Mr B’s complaint to the Ombudsman
- Mr B was dissatisfied with the outcome of his complaint to the Council. He said the proposed financial remedies were an ‘insult’, particularly those for the children.
My findings
- If a complaint has already been through the second stage of the Children Act complaints procedure, this means the complainant has already had access to an independent investigation.
- Consequently, we will not normally re-investigate such a complaint unless we have reason to believe the previous investigation was flawed.
- I have considered the documents from Mr B’s complaint, and I note that:
- Each part of the complaint was considered and addressed by the Council.
- The independent investigation report refers to relevant procedure, staff interviews and case records. This evidence supports the investigator’s findings.
- All parts of the complaint were upheld.
- Because of this, it is unlikely I would be able to add anything significant to what the Council has already said. If I were to reinvestigate the complaint, it is also unlikely that this would lead to a substantially different outcome for Mr B. So a reinvestigation would be of no benefit to him.
- I have, however, considered whether the Council’s proposed remedies properly recognise the injustice it has caused.
- The Council’s proposed financial remedy – which is the focus of Mr B’s complaint to us – is separated into three parts.
- The first part involves two symbolic payments to Mr B and his wife to recognise their general distress. These payments are in line with our guidance, so I will not recommend that the Council increase them.
- The second part involves two payments to the children in Mr B’s care, again for their general distress. Given the failings that the Council has accepted, these very small payments do not adequately recognise the children’s injustice in the way we expect. The Council should increase the payments so, for the sake of symbolism, they match the payments to Mr B and his wife.

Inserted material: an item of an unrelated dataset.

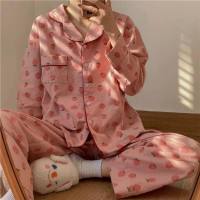 Cardigan pijama feminino outono e inverno net celebridade bonito manga longa terno de duas peças lazer primavera e outono estilo princesa roupas para casa  Multicolorido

- The final part involves a payment to Mr B and his wife to recognise their distress from delays to the Council’s complaint responses. With our guidance – particularly on ‘prolonged’ distress – and our Cumberland report in mind, this payment is also inadequate for a two-year delay, and the Council should increase it.
- Although we have found fault with the Council for its complaint-handling in the past, our recommendations primarily focused on how it implemented recommendations arising from complaints. Whereas the primary problem in
Mr B’s case was severe delays. - The Council has promised to review its complaint-handling procedures. It should send us the outcome of that review, including an action plan for reducing delays in the future.
- Furthermore, there is no evidence that the Council has taken action, or will take action, to ensure the substantive problems in Mr B’s complaint – with the child protection investigation and with case recording – have been fixed. It should tell us how it has done this (or how it intends to do it).
Agreed actions
- Within a month, the Council has agreed to:
- Make the pre-agreed symbolic £500 payments to Mr B and his wife to recognise its failure to support them during its child protection investigation.
- Make £500 payments to each of the children in Mr B’s care – a total of £1,000 – to recognise its failure to support them during the same period.
- Make a further £600 payment to Mr B to recognise the significant delays to its complaint investigation.
- Within two months, the Council has agreed to:
- Send us the outcome of its review into its complaint-handling procedures, including an action plan for reducing delays in the future.
- Send us a separate action plan setting out how it has fixed, or will fix, the substantive problems in Mr B’s complaint (with the child protection investigation and with case recording).
- The Council will provide us with evidence it has done these things.
Final decision
- The Council was at fault, and that this caused Mr B and his family an injustice.